▶ _Assigned task_: Below is a set of entries. Print the line that contains "Creativ Company AS" and every later line word for word, through the final one.
□ □ □ □ □ □ □
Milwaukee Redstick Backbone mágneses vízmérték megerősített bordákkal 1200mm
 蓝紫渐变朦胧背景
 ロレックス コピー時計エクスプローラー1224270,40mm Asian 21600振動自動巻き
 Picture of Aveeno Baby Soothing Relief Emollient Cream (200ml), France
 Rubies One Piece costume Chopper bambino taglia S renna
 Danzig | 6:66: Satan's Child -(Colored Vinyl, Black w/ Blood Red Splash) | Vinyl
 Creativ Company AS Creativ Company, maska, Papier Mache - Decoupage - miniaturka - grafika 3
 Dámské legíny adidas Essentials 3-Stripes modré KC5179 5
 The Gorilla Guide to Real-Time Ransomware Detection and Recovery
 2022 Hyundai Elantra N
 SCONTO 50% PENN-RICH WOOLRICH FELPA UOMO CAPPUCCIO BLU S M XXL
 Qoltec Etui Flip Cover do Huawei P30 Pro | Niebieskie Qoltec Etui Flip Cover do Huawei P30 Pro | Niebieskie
□ □ □ □ □ □ □
▶ _Output_:
 Creativ Company AS Creativ Company, maska, Papier Mache - Decoupage - miniaturka - grafika 3
 Dámské legíny adidas Essentials 3-Stripes modré KC5179 5
 The Gorilla Guide to Real-Time Ransomware Detection and Recovery
 2022 Hyundai Elantra N
 SCONTO 50% PENN-RICH WOOLRICH FELPA UOMO CAPPUCCIO BLU S M XXL
 Qoltec Etui Flip Cover do Huawei P30 Pro | Niebieskie Qoltec Etui Flip Cover do Huawei P30 Pro | Niebieskie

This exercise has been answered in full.